Goldin v. Levy

Goldin v Levy (2021 NY Slip Op 01481)
Goldin v Levy
2021 NY Slip Op 01481
Decided on March 11, 2021
Appellate Division, First Department
Published by New York State Law Reporting Bureau pursuant to Judiciary Law § 431.
This opinion is uncorrected and subject to revision before publication in the Official Reports.


Decided and Entered: March 11, 2021
Before: Webber, J.P., Kern, Scarpulla, Mendez, JJ.

Index No. 312727/08 Appeal No. 13323 Case No. 2020-00209

[*1]Laura Goldin, Plaintiff-Appellant,

v

Matthew Levy, Defendant-Respondent.




Peter M. Levine, New York, for appellant.

Brian D. Perskin & Associates P.C., Brooklyn (Jennifer Cohen-Vigder of counsel), for respondent.



Order, Supreme Court, New York County (Lori S. Sattler, J.), entered November 13, 2019, to the extent it denied so much of plaintiff's motion as sought to sequester defendant's share of retirement assets and granted defendant's motion for a declaration that his entitlement to 50% of the gains or losses of the marital portion of plaintiff's Random House 401(k) account under the terms of the parties' stipulation of settlement, unanimously modified, on the law, solely to declare that defendant is entitled to 50% of the gains or losses of the marital portion of plaintiff's Random House 401(k) account, and, as so modified, affirmed, without costs, and appeal therefrom to the extent the order directed a hearing on plaintiff's motion for add-on arrears and counsel fees and to hold defendant in civil contempt, unanimously dismissed, without costs, as taken from a nonappealable order.

The part of the order that directed a hearing to determine arrears, civil contempt, and attorneys' fees is not appealable, because it does not affect a substantial right (see CPLR 5701[a][2][v]; Zaharatos v Zaharatos, 134 AD3d 926 [2d Dept 2015]; Kornblum v Kornblum, 34 AD3d 749, 751 [2d Dept 2006]).

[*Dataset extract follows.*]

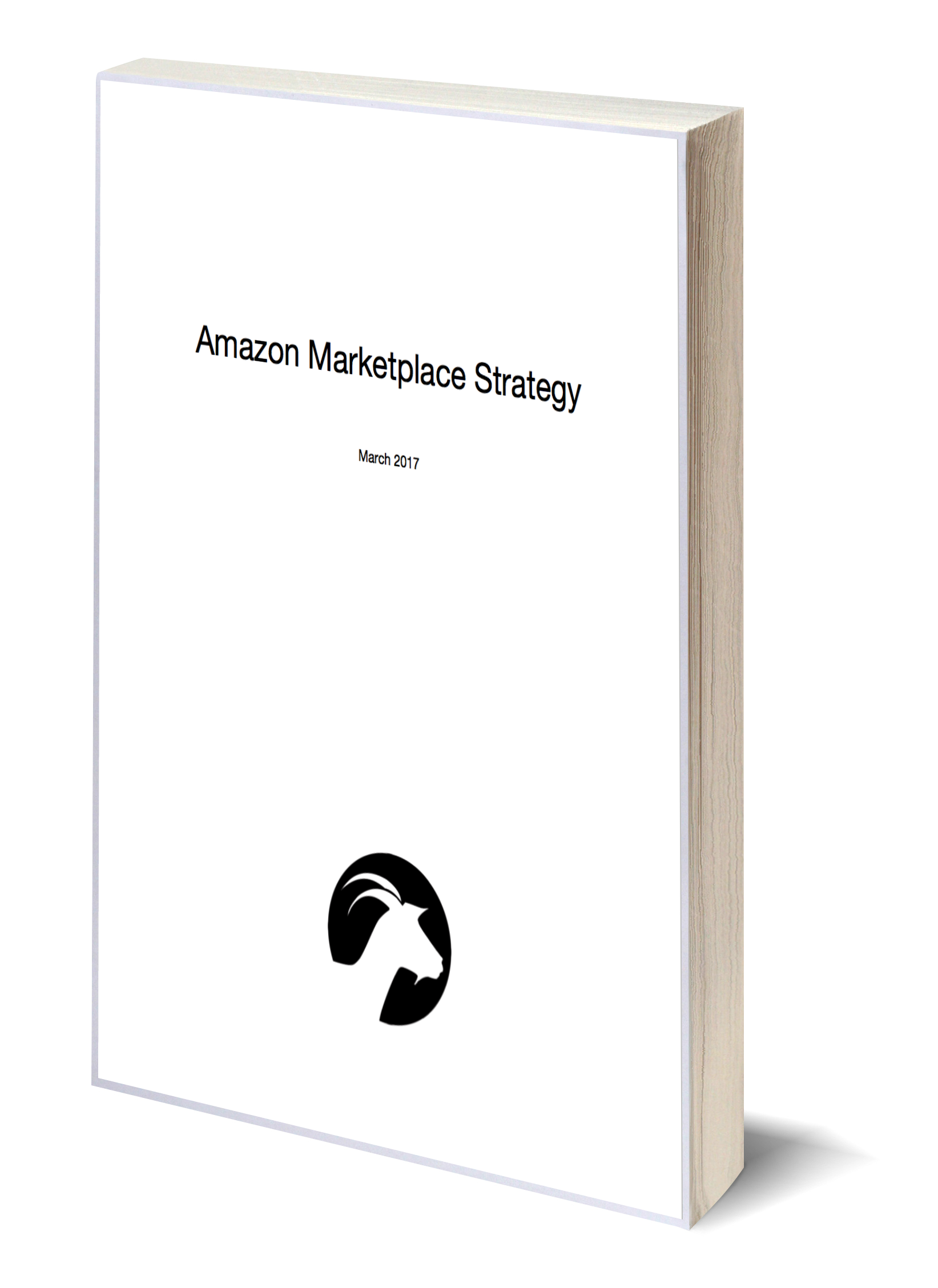 Amazon Marketplace Strategy | Goat Consulting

Any party aggrieved by an order entered subsequent to the hearing may appeal from that order.

The motion court properly denied the part of plaintiff's motion seeking sequestration of defendant's share of retirement accounts pursuant to Domestic Relations Law § 243. Although plaintiff established some arrears, she failed to make "a showing of necessity, such as a consistent pattern of arrears or a willful violation of a court order directing payment of arrears" (Sivigny v Sivigny, 236 AD2d 205, 205 [1st Dept 1997]), especially in light of the fact that her motion for add-on arrears and to hold defendant in contempt are pending determination after a hearing.

The court properly interpreted the parties' stipulation of settlement in the divorce action as unambiguous with respect to defendant's entitlement to 5o% of the gains or losses of the marital portion of plaintiff's Random House 401(k) account. To adopt plaintiff's view that defendant is only entitled to 50% of the gains or losses on his already reduced distributive share of 25%— in other words, on 12.5 percent of the marital portion — would produce a result that is "contrary to the reasonable expectations of the parties" (see Keller-Goldman v Goldman, 149 AD3d 422, 426 [1st Dept 2017] [internal quotation marks omitted], affd 31 NY3d 1123 [2018]).

THIS CONSTITUTES THE DECISION AND ORDER

OF THE SUPREME COURT, APPELLATE DIVISION, FIRST DEPARTMENT.